(Beginning of Records for the exercise)

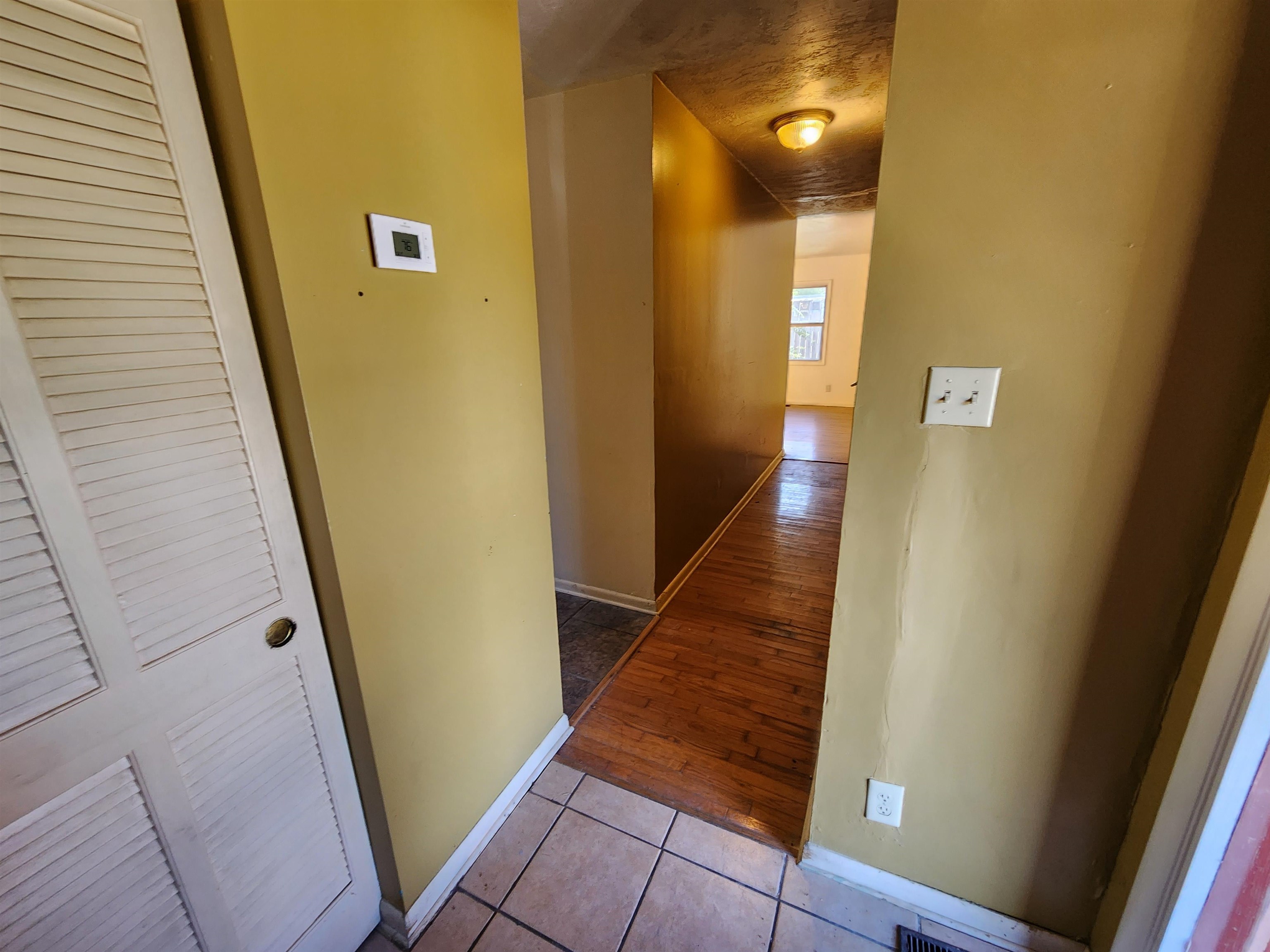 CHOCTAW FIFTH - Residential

(End of Records for the exercise)
(Beginning of Records for the exercise)

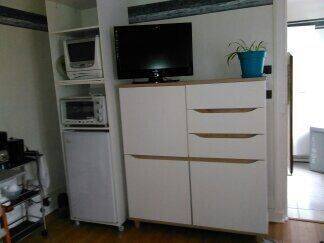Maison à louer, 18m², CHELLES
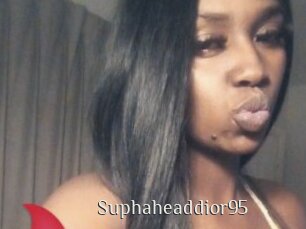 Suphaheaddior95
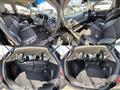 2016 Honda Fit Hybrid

(End of Records for the exercise)

Exercise details: Leaving out each picture, repeat exactly the lines above from the one that contains "Maison à louer, 18m², CHELLES" through the one that contains "2016 Honda Fit Hybrid".

Reply:
Maison à louer, 18m², CHELLES
 Suphaheaddior95
 2016 Honda Fit Hybrid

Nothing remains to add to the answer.